65k miles and no CBU issue. But I think its just matter of time. I plan to get it cleaned around 95k miles point if CBU doenst happen by then. I have another 2 yrs and 35k miles warranty left on car. I suggest in your case if you plan on keeping for long get it cleaned else wait for it to happen and then trade it in after getting codes cleared. But no point living in fear of when its going to happen.


----------



## totitan (May 11, 2013)

DieselAlles said:


> I would like to do that as well but passing vehicle emissions testing would be toug
> 
> 2011 BMW 335d Diesel
> 2001 Ford Excursion Powerstroke Diesel
> ...


In CA they dont test tailpipe emissions on diesels, just a brief visual and a scan for codes.

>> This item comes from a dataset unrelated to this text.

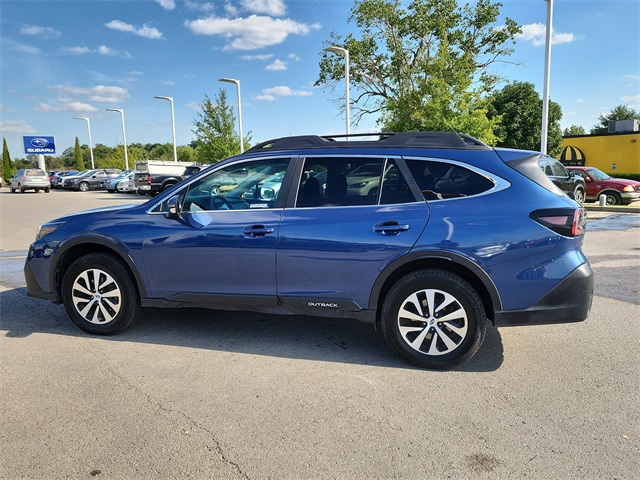2020 Subaru Outback Premium photo 5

If I install a block off plate for the EGR I would just remove it a few days before the smog test and clear the codes.


----------



## DieselAlles (Apr 14, 2012)

Thanks for replying. I don't live in fear of CBO or anything else that is in my control. For the most part, I know the mechanical condition of everything I maintain. The 335d has been maintained by BMW up to now. Going forward it will be my responsibility so I've got to get up to speed. CBO is but one thing I've got to investigate. Is it a growing problem in our 335d? When I drive the car, it's pretty easy to average 40MPG+ every tank. My wife's heavier foot averages 37MPG. Will the 7 yr/100,000 warranty cover this issue? And if CBO does rear its ugly head, how hard will I have to push BMW to take ownership of this problem?

This is definitely a soapbox issue for me. To think that modern clean diesel owners have to face CBO after paying a premium for their vehicle, expecting it to give them 100,000's of thousands of miles of reliable service only to have it choke on it's own sludge in less than 90,000 miles is unbelievable.

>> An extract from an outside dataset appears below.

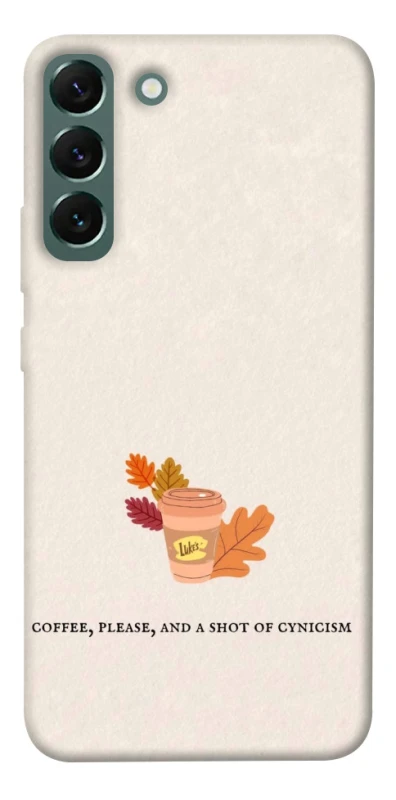 Чохол на Samsung Galaxy S22+ Autumn vibes ver.10 фото 1 з 1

In the past, I've operated class 8 tractors that go beyond 750,000 miles without ever having their manifold much less their heads pulled. I know of UPS package cars equipped with 7.3L Navistors/Powerstrokes with half a million miles on the odometer before they were retired without any major maintenance issues. Started and shutdown a hundred times a day. I've heard all kinds of reliability stories for Mercedes 220d/240d/300d/300td as well. Diesels historically were over engineered to withstand the extreme pressures and loads put on the engine. Plus diesel itself is a light, self lubricating oil that pumps and injectors depended on for lubrication. Everything was geared for longevity.

So what are you getting with a modern <insert brand here> clean diesel which all are apparently susceptible to CBO? Has anyone heard of a manufacturer being dragged into court over this?


----------



## totitan (May 11, 2013)

DieselAlles said:


> Thanks for replying. I don't live in fear of CBO or anything else that is in my control. For the most part, I know the mechanical condition of everything I maintain. The 335d has been maintained by BMW up to now. Going forward it will be my responsibility so I've got to get up to speed. CBO is but one thing I've got to investigate. Is it a growing problem in our 335d?
> Its a problem. Best way to learn about it is to read the related threads on this site.
> When I drive the car, it's pretty easy to average 40MPG+ every tank. My wife's heavier foot averages 37MPG. We never get better than 34 but we drive it hard. These engines need to be worked. The worst thing you can do to one is baby it.
> Will the 7 yr/100,000 warranty cover this issue? Yes
> ...


----------